This weekend I was sitting back to relax and watch a bit of the T20 Blast that started recently over here when my viewing entertainment was cut short due to a weather interruption.
Now as many of you will be aware by now I herald from good Old Blighty aka England which is renown for wet weather throughout the year. We lost a few games of the recently completed World Cup to what even by our standards was torrential rain resulting in a few users commenting on my blogs that they feel that England should never be allowed to host the tournament again! Bit harsh but I agreed so long as they can guarantee me that it never rains in their country either, no one replied back to those comments........
Anyway, the irony was that this particular weather interruption wasn't to do with precipitation of any kind at all. Instead, the players were lead from the ground because the conditions were TOO SUNNY!
"Fill her up please!" - Play is stopped in a Ranji Trophy game between Delhi and UP after a man drives onto the pitch
The issue occurred at Canterbury during the match between Kent and Somerset when the setting sun shone into the eyes of the batsmen from one end. Apparently, this is not that uncommon an occurrence at the ground and perhaps begs the question why they felt the need to lay the pitch along an East-West axis to begin with! Anyway, the players trudged off to the pavilion, the punters packed out the bars and I was left having to listen to the commentary teams feeble attempts to fill time until it finally got dark enough for us to continue.

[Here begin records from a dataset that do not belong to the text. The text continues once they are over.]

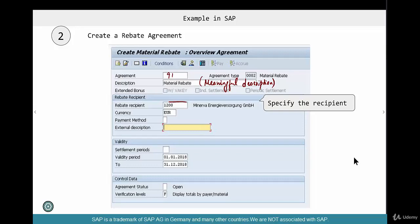And who is the rebate recipient? This is the payer, the beneficiary of that rebate. Then you specify when you're going to settle — are you going to settle by the end of the year? For example, if you create this rebate agreement on 3rd March 2018, and the agreement type says the validity period is end of year, it automatically defaults to 1st January 2018 through 31st December 2018. This is based on what kind of settlement period you specify in the rebate agreement type.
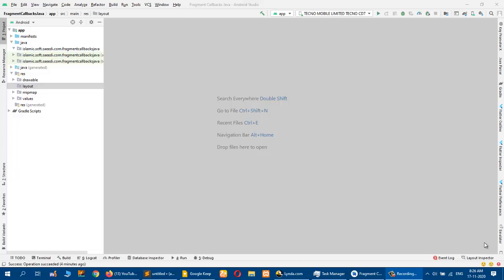Assalamu alaikum. Today I will show you how you can use fragments with callbacks. We need callbacks in fragments when we have an activity and a fragment and we want to pass data from fragment to activity, because the fragment resides inside the activity and we often need to interact with the activity from the fragment.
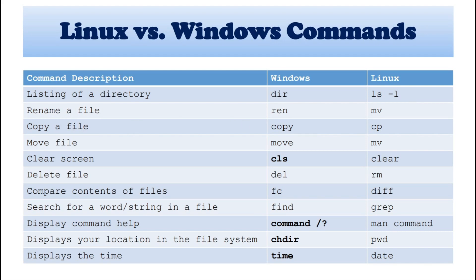So next, rename your file. In Windows, we will talk about REN. And Linux is MV. So MV is known as move your file or rename your file.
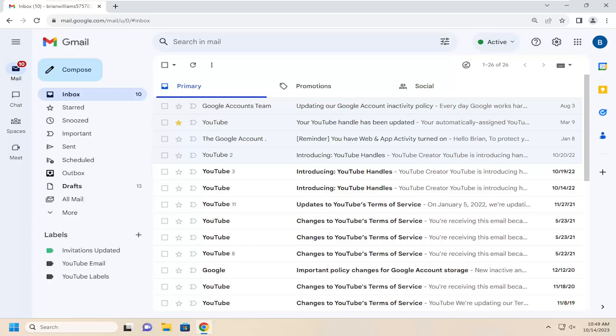In today's tutorial, I'm going to show you how to find old mail or emails in your Gmail client. This will hopefully be a pretty straightforward process. Without further ado, let's jump right into it.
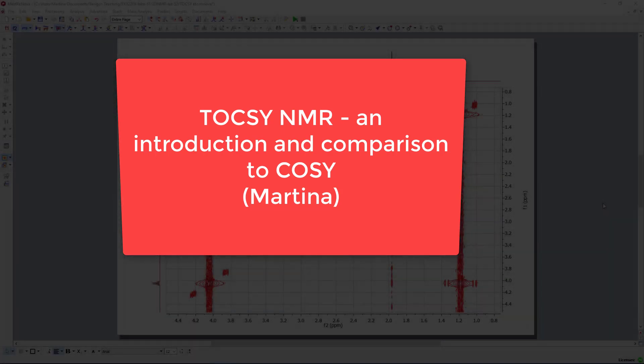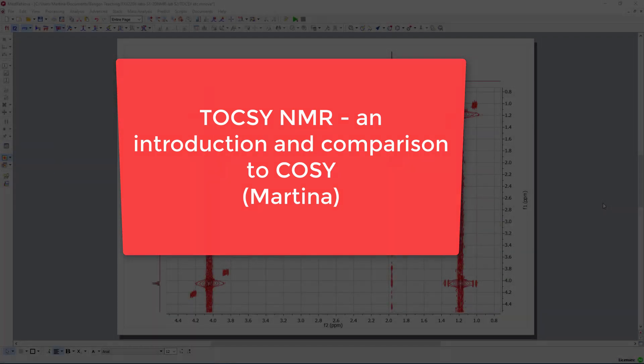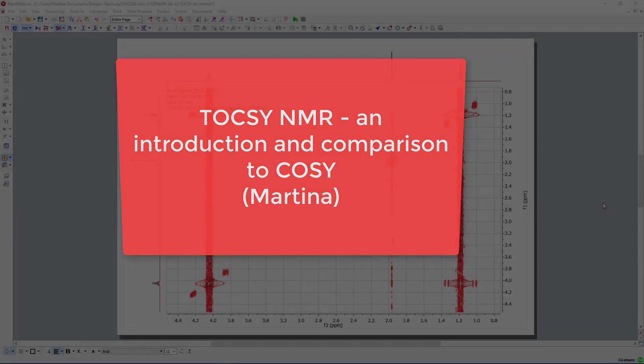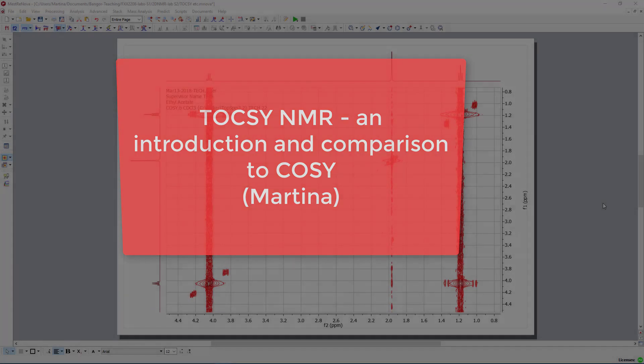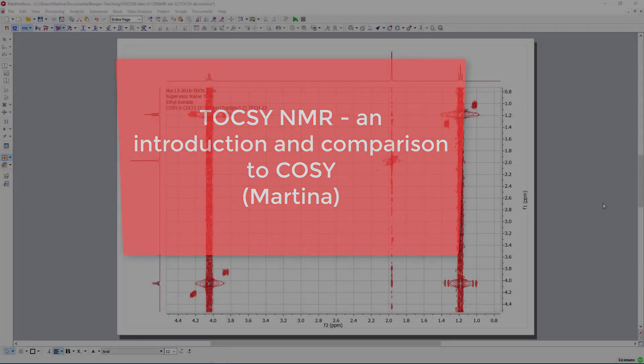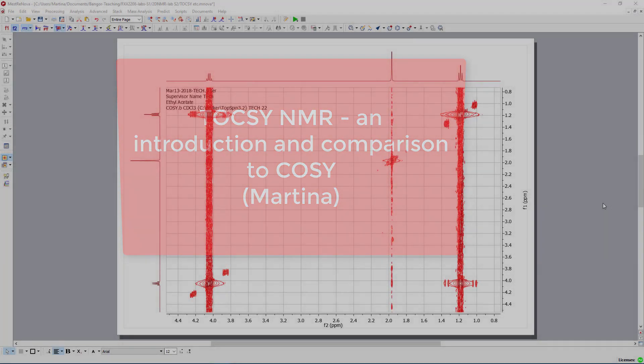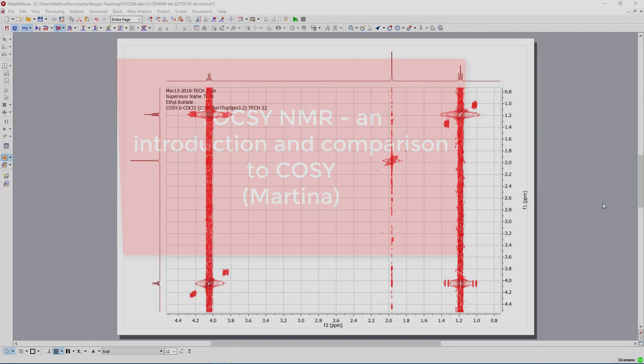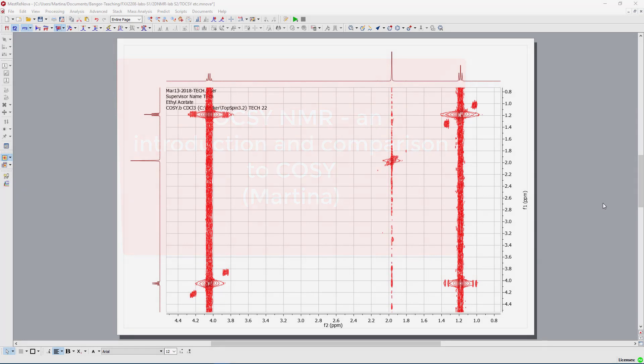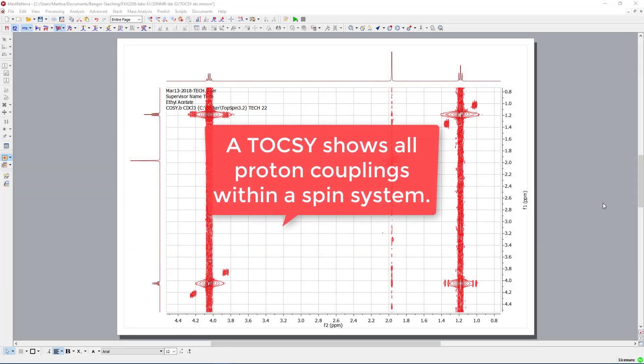It's somehow linked to a COSY, however it goes through a whole spin system. What do I mean with this one? You see correlations as long as you would see couplings between hydrogen atoms, between protons.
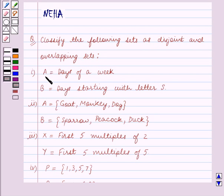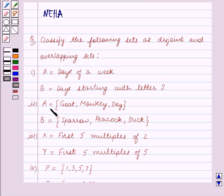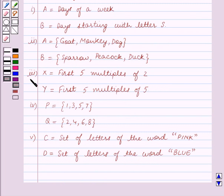First part: A is equal to days of a week, B is equal to days starting with letter S. Second part: A is equal to the set containing the words goat, monkey, dog, and B is equal to the set containing the words sparrow, peacock, duck. Third part: X is equal to the first five multiples of two, Y is equal to the first five multiples of five.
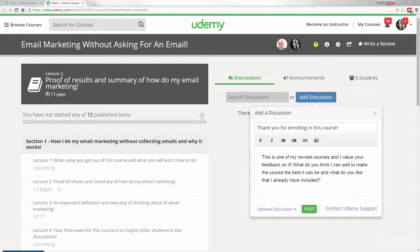And to do that, your final exam is to inspire other students in the discussions. Take some kind of action as a result of this course, and then share that in the discussions with everyone else in the course. The idea is when you share what you've done, you can inspire other students to go ahead and take their own shot at being successful.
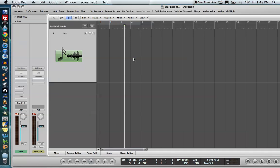Hello, this is Music Tech Help Guy and welcome to this video tutorial on using the Ultrabeat drum machine in Logic Pro 9. Today we're going to focus on the beginning steps to step sequencing in the Ultrabeat. There's a lot going on in the Ultrabeat, much more than I can possibly do in one video, so we're just going to focus in on step sequencing today.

In between times, it got me thinking about the other weird and wonderful reasons that I know for why sporting matches have been interrupted or indeed called off.
Keeping on the weather theme (I'm English after all) beyond rain and now sun we've also seen cricket matches delayed in this country due to snow! The last time play was stopped for snow was in April 2016 when Middlesex were playing Durham. Granted that was just a flutter and in early season conditions but stranger things have happened.
Derbyshire, June 1975. Spectators walk the stands in winter coats and boots
Take for example a match between Derbyshire and Lancashire in June of 1975. The game started on a Saturday with reports that many of the crowd were shirtless and enjoying ice-creams as a result of fine weather. They were also treated to a fluent century from West Indian Clive Lloyd who a month later would go onto to lift the inaugural World Cup, also played in England. However, as Lancashire looked to complete their victory on the following Monday, the game was stopped first for rain, then for hail and finally for snow, with almost 6 inches of the white stuff falling despite it being mid-summer.
Beyond weather what about interruptions from our four-legged friends?
We had a game stopped by a swarm of bees at the World Cup and it may come as a surprise to non-cricket lovers but this is not an entirely unique occurrence. I was also at the Oval earlier this year to watch a domestic match when a fox ran onto the outfield in broad daylight and in front of several thousand people!
Clockwise - A squirrel heads for the end zone at an NFL match, A swarm of bees force cricketers to duck for cover, a fox interrupts the Calcutta Cup between Scotland & England in Rugby Union and Australian cricket supporters release a pig onto the pitch during the Ashes
Of course, human beings don't need nature or acts of God to interrupt a game, we are perfectly capable of ruining the event ourselves!
With security heightened and modern day stadiums all about health and safety, it's not surprising that just occasionally the emergency services and ground security get a little too eager to stop a match due to a perceived threat.
We've all been there, it's another weekday morning, you're blurry-eyed and semi-conscious and yet as usual late for work again. As such you're forced to try and multitask in order to get out the door on time. You end up with your shirt buttons not matching, hair like a porcupine and of course toast that resembles charcoal more than bread. The fire alarm goes off and you wake up the rest of your sleeping housemates/family.
Now imagine that you're an International cricketer and burning the toast in the dressing room results in the deployment of several fire trucks, the evacuation of an entire stand and over a 30minute delay to the match you are playing in - embarrassing hey! That is precisely what happened to Australian spinner Nathan Lyon in 2017 during a Sheffield Shield game in Queensland. I can just picture him now desperately opening a window while waving a tea towel.
Refs, umpires and match officials get a tough time of it in almost any sport these days but it would be fair to say that sometimes they do bring it on themselves. Turning up with the proper equipment for everyone to start the game on time should really be one of the easier things to get right in professional sport but it hasn't always turned out that way.
And if it isn't players or officials causing the delay then you can always count on a few overzealous fans to ruin your entertainment.
The delay below was during the 1997-98 Champions League Semi-Final between Real Madrid and Borussia Dortmund. Excitable Madrid fans had earlier climbed the fences and hung off the goal. The match started over an hour late as officials scampered around Madrid looking for another regulation set of posts.
Can you think of any bizarre reasons you've seen or experienced delays in sports matches?